DIY prompting is text-first, so garments often drift as you iterate. RAWSHOT is garment-first: the app is engineered around the real product, so cut, colour, pattern, logo, and drape stay faithful to your garment settings.

It also delivers provenance and labelling with C2PA signing and watermarking, plus a per-image signed audit trail. That combination helps ecommerce teams review outputs confidently, rather than treating each generation like a new experiment.

Can our team publish outputs with clear licensing and provenance?

Yes. RAWSHOT delivers full commercial rights to every output, permanent and worldwide, so campaign and ecommerce teams can plan publishing with fewer legal unknowns.

Outputs are C2PA-signed and watermarked with both visible and cryptographic layers and AI-labelled delivery. A signed audit trail per image makes approvals more straightforward, especially when multiple operators touch the workflow.

What QA checks should we run before we upload cover photos to our store?

Start with garment fidelity: verify cut, colour, pattern, logo placement, and drape match the garment you’re marketing. Next, confirm composition details like framing, camera angle, and lighting fit your campaign direction.
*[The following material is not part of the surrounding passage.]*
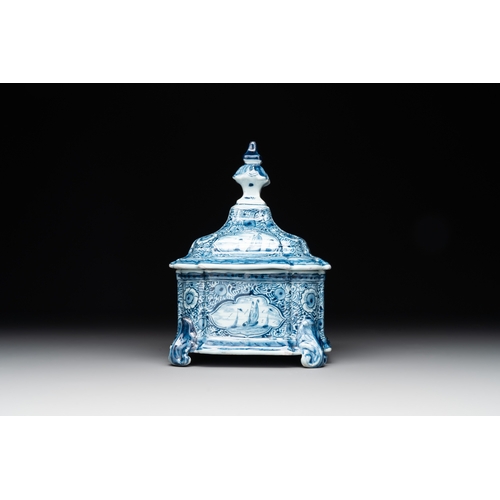 1005 - A blue and white Dutch Delft tobacco box and cover, 18th C.Dim.: 12,3 x 12,3 x 17,2 cm (the box and ...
Then check provenance and attribution: RAWSHOT outputs include C2PA signing plus watermarking and labelling, and each image carries a signed audit trail. With those checks in place, your publishing step becomes a controlled approval rather than a last-minute scramble.

How do token costs work for photo generation at cover scale?

Photo generation is priced per image at roughly $0.55 per image, with about 30–40 seconds per generation. Tokens never expire, and you can cancel in one click if you need to stop a run.

Failed generations refund their tokens, which reduces the risk of wasted iterations during fast campaign planning. For cover teams generating many variants, this keeps budgeting predictable even when you explore multiple lighting or aspect ratios.

Do you support catalog-scale workflows via API, or is it only for single shoots?

Both. You can run single-shoot work in the browser GUI and then move to REST API when you need catalog-scale pipelines. The key point is that the garment-led creative controls remain consistent across surfaces.

That makes it easier to automate generation for thousands of SKUs while keeping your editorial look stable. You also retain the same provenance signalling, watermarking, and full commercial rights story for every output.

We have a small team—how do we go from one cover test to ongoing throughput across roles?

Use RAWSHOT as the shared interface from concept to publishing. One operator can direct the initial cover look with click-driven controls, save the model, and then other roles can batch-generate SKU variants without rethinking creative setup.

When the workflow shifts to throughput, REST API supports batch pipelines while preserving garment fidelity and style direction. With signed audit trails and clear commercial rights per output, reviews and approvals stay fast instead of turning into manual detective work.